My impression in reading Mazar’s chapter is that yesterday’s press conference was mostly a re-statement of the conclusions of her 2006 article, which was based on her excavations in the 1980s. In short, she argues that Building C is a four-chambered inner gatehouse which may have been an entrance into a royal palace. She notes that its dimensions are “virtually identical” to those of palace Gate 1567 at Megiddo VA-IVB. With regard to date, she states that “the ceramic data were insufficient to provide a more precise determination within the terminus post quem time frame for the construction of Building C.”
She found two floors in Building D, the later of which was laid “no earlier than the 8th century.” She believes an intact black juglet was placed under a foundation stone as a “construction offering” and dates the building to the 10th century.
She concludes in part:
Based on the finds sealed below the floors of Buildings C and D, the construction of the fortification complex in the Ophel should be dated to the 10th century BCE. This date corresponds to the biblical passage announcing that King Solomon built a defensive wall around Jerusalem. There is no reason to assume that someone other than Solomon constructed or reconstructed the Ophel fortification line at some time during the 10th-9th centuries BCE.

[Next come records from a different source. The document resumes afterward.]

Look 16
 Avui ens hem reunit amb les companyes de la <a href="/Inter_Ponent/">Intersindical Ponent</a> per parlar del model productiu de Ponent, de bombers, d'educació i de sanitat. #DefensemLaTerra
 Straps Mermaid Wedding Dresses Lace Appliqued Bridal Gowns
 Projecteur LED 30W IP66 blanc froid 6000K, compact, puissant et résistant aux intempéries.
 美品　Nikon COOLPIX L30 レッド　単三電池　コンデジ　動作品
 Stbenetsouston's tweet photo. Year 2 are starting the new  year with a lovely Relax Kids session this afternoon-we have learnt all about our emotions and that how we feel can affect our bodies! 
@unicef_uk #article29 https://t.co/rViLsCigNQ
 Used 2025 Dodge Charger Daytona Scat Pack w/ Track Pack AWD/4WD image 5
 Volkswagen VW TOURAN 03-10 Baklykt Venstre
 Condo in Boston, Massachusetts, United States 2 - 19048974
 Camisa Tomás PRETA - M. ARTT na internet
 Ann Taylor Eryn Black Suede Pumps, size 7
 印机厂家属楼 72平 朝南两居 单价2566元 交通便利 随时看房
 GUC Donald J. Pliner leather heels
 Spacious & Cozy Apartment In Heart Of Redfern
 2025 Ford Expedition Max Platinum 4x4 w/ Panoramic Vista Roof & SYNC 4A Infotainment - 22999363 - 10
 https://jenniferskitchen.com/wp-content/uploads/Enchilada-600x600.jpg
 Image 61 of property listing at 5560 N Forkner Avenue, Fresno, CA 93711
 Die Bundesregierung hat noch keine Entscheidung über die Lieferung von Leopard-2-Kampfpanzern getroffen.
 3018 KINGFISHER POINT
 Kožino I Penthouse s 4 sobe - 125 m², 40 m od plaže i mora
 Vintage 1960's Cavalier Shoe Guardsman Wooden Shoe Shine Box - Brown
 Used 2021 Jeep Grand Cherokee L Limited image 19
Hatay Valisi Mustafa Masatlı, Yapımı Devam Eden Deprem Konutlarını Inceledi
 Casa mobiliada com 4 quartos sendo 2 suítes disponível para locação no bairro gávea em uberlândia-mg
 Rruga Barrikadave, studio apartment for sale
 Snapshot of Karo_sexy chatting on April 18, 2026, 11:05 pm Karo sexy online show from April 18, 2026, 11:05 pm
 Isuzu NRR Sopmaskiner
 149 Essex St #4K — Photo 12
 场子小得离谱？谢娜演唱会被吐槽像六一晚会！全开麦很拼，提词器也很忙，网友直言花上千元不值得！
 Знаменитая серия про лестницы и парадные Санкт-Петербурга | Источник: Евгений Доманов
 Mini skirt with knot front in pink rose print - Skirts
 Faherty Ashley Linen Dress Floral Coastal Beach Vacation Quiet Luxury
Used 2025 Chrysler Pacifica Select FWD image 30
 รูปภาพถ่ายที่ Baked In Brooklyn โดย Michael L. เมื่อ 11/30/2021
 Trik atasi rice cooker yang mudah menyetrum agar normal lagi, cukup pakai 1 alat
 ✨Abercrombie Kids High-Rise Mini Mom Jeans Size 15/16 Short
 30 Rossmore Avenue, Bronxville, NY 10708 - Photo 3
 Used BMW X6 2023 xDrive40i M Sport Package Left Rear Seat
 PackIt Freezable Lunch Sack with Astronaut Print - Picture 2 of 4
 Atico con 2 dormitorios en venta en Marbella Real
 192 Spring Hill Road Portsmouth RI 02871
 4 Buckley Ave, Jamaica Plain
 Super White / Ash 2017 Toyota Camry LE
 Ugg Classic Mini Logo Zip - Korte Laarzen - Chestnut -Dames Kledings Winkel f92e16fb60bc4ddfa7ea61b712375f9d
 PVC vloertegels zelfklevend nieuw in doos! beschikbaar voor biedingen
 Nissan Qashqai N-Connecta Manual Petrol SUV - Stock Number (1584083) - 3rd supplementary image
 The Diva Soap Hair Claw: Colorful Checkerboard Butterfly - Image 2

It sounds as if Mazar has found more evidence in her recent excavation that confirms her previous conclusion that this fortification system dates to the time of Solomon. I don’t believe that her previous conclusions met with much enthusiasm from the scholarly community; we’ll see how the archaeologists evaluate her new material.
The bibliographic data for this publication is as follows:
Mazar, Eilat. 2006 “The Solomonic Wall in Jerusalem.” Pp. 775-786 in “I Will Speak the Riddles of Ancient Times”: Archaeological and Historical Studies in Honor of Amihai Mazar on the Occasion of His Sixtieth Birthday. Ed. A. Maeir and P. de Miroschedji. Winona Lake: Eisenbrauns.
This two-volume work is available from Eisenbrauns.